Pitts’ communications director, Andrew Wimer, said he believes the administration chopped the program because “the health law left only crumbs for pediatric training and subspecialty training.” The Pitts- Pallone bill and the companion bill in the Senate call for reauthorizing CHGME for five years.

The program was enacted in 1999 to provide children’s hospitals with funding for residencies and fellowships, the training that physicians get in a hospital once they leave medical school. Although Medicare and other federal programs also provide funding for residencies, the bulk of the money goes to hospitals generally serving adults.

Since the program was put into place, the number of pediatric residents has increased 35 percent, said James Kaufman, vice president for public policy for the National Association of Children’s Hospitals. That was a reversal of the 13 percent decline in the 1990s. Much of the increase, he said, is attributable to a rise in the training of pediatric sub-specialists.

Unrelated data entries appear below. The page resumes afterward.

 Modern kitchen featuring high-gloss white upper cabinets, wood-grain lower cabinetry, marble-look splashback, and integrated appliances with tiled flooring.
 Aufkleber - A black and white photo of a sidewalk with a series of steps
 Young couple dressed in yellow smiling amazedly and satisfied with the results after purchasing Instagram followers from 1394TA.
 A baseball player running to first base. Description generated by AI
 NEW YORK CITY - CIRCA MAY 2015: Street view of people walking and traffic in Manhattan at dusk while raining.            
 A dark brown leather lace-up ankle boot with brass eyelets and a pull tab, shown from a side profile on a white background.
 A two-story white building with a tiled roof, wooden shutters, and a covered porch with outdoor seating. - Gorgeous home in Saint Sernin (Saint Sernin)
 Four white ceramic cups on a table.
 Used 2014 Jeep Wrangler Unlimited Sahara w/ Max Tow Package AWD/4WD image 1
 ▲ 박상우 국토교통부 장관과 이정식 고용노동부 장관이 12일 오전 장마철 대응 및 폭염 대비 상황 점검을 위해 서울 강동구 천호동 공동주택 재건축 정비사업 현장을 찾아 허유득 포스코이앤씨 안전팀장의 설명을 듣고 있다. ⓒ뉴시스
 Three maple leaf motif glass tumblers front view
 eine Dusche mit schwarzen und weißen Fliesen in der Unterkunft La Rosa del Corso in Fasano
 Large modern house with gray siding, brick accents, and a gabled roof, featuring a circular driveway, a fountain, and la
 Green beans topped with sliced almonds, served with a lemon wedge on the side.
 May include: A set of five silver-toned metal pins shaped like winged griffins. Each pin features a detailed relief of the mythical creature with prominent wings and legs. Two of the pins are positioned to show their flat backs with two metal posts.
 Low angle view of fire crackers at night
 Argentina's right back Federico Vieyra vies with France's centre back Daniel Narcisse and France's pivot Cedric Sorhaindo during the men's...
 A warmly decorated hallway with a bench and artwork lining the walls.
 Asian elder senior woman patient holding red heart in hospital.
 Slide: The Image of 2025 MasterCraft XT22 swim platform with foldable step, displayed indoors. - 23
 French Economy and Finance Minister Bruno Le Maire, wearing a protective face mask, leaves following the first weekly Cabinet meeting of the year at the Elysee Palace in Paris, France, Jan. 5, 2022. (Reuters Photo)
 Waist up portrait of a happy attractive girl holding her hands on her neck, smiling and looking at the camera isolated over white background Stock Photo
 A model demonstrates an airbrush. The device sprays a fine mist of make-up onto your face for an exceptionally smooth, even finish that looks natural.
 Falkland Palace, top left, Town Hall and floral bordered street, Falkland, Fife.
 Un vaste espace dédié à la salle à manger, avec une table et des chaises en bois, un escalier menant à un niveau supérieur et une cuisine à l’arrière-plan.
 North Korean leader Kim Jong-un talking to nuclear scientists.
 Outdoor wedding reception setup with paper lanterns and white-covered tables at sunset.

“We didn’t have a child neurology fellowship before CHGME,” said Morna Smith, director of federal relations and health policy at Nationwide Children’s Hospital in Columbus, Ohio. “Try to imagine waiting two months to find out why your kid is having seizures.” Today, “we have six pediatric neurology fellows.” The hospital has also more than tripled the number of pediatric neurologists on staff, from six to 19, because a number of the fellows stay once they complete their training. The upshot, says Smith, is that “we’ve doubled the number of outpatients we can see in a year.”

Martin Kramer, the director of communications for the Health Resources and Services Administration, the agency within the Department of Health and Human Services that oversees the disbursement of funds for physician training, blamed the 2012 proposed cuts on a “challenging budget environment” that “required proposing spending reductions that we may not have had to make in different circumstances.”

Kramer pointed out that the agency has a number of other programs for training primary care doctors that will benefit pediatrics, including the Teaching Health Center Graduate Medical Education Program and the Primary Care Residency Expansion Program; those programs have money guaranteed by the health law. But children’s hospital advocates say those and similar federal programs are available to all teaching hospitals, including those that treat adults, so there is no guarantee children’s hospitals will be able to get enough funding to continue their training programs.

The White House Office Management and Budget, in a report on proposed budget cuts, said ending CHGME will redirect “resources to activities that will support the training of more primary care physicians.” It argues that the change is needed because “current estimates project the United States will face a shortage of primary care physicians.”

Administrators at children’s hospitals are not the only ones surprised by the administration’s effort to cut CHGME. “It’s an odd thing to say that you want to shift this money over to the primary care workforce,” said Dr. Atul Grover, chief advocacy officer for the Association of American Medical Colleges, a not-for-profit association representing medical schools, teaching hospitals and health systems. “We’re doing a great job of keeping kids alive longer if they have problems from birth or pediatric cancers. But you still have to figure out how you’re going to take care of them after acute events.” Specialists are needed to help those children, he said.

Dr. Sheldon Retchin, vice president for health sciences at Virginia Commonwealth University in Richmond and a past member of the Council of Graduate Medical Education, concurred. “I certainly share the president’s concern and Washington’s concern in general that we need to right-size the workforce.” But, he said, “I think diverting money is probably a little premature. I’m unaware of any study that says we’re oversupplied with pediatricians.”

Even with CHGME, gaps remain. “The waiting list for some specialties is more than three months,” said Dr. Susan Wu, director of the community pediatrics and advocacy program at Children’s Hospital Los Angeles. “And this is LA, with a few different pediatric tertiary centers. I’m not even thinking about folks who live in Nevada or Montana, where they don’t have a lot of pediatric training programs.”